Comment from Harald J

The other starts with a function for searching ~/.authinfo.gpg for entries of the form

machine <host>/<dbname> login <username> password <password> port <port>

and then setting sql-password-search-wallet-function and sql-password-wallet to tell sql-mode to use it

(defun my/sql-auth-source-search-wallet (wallet product user server database port)
  "Read auth source WALLET to locate the USER secret.
Sets `auth-sources' to WALLET and uses `auth-source-search' to locate the entry.
The DATABASE and SERVER are concatenated with a slash between them as the
host key."
  (when-let (results (auth-source-search :host (concat server "/" database)
                                         :user user
                                         :port (number-to-string port)))
    (when (and (= (length results) 1)
               (plist-member (car results) :secret))
      (plist-get (car results) :secret))))

(setq sql-password-search-wallet-function #'my/sql-auth-source-search-wallet)
(setq sql-password-wallet "~/.authinfo.gpg")
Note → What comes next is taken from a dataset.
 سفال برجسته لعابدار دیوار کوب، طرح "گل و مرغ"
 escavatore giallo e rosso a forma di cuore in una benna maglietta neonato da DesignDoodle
The value for sql-connection-alist is then as normal

(setq sql-connection-alist
  '((some-dbname (sql-product 'oracle)
                 (sql-port 1521)
                 (sql-server ...)
                 ...))

and the blocks in orgmode looks like this

SRC sql-mode :product oracle :dbconnection i3v1e-ro :results raw
SELECT to_char(sysdate, 'YYYY-MM-DD HH24:ii:ss') AS today,
       to_char(sysdate + 1, 'YYYY-MM-DD HH24:ii:ss') AS tomorrow
FROM dual;
SRC

Thoughts

Both of these feel closer to the intent of sql-mode in a way. I'll have to try using sql-connection-alist at some point.